** Opening TASK INPUT block **

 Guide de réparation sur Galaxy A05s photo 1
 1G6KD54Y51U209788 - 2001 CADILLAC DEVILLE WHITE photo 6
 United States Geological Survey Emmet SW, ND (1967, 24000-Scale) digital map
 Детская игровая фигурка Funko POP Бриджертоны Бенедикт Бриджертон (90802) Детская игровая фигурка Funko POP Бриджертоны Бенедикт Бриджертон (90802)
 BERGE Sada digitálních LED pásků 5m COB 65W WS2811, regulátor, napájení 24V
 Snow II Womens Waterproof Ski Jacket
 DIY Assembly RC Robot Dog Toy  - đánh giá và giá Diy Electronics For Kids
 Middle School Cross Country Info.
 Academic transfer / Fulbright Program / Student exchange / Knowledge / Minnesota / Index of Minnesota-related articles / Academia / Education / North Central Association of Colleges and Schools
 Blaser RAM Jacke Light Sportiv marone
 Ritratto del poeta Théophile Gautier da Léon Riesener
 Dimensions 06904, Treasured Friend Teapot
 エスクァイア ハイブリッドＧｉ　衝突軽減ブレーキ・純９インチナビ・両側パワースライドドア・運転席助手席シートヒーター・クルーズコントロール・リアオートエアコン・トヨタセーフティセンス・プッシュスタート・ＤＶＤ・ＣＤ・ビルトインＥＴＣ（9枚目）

** Closing TASK INPUT block **

» PROBLEM TO WORK ON:
A complete answer reproduces every line of the records in which the word "photo" occurs.

» SOLUTION:
 Guide de réparation sur Galaxy A05s photo 1
 1G6KD54Y51U209788 - 2001 CADILLAC DEVILLE WHITE photo 6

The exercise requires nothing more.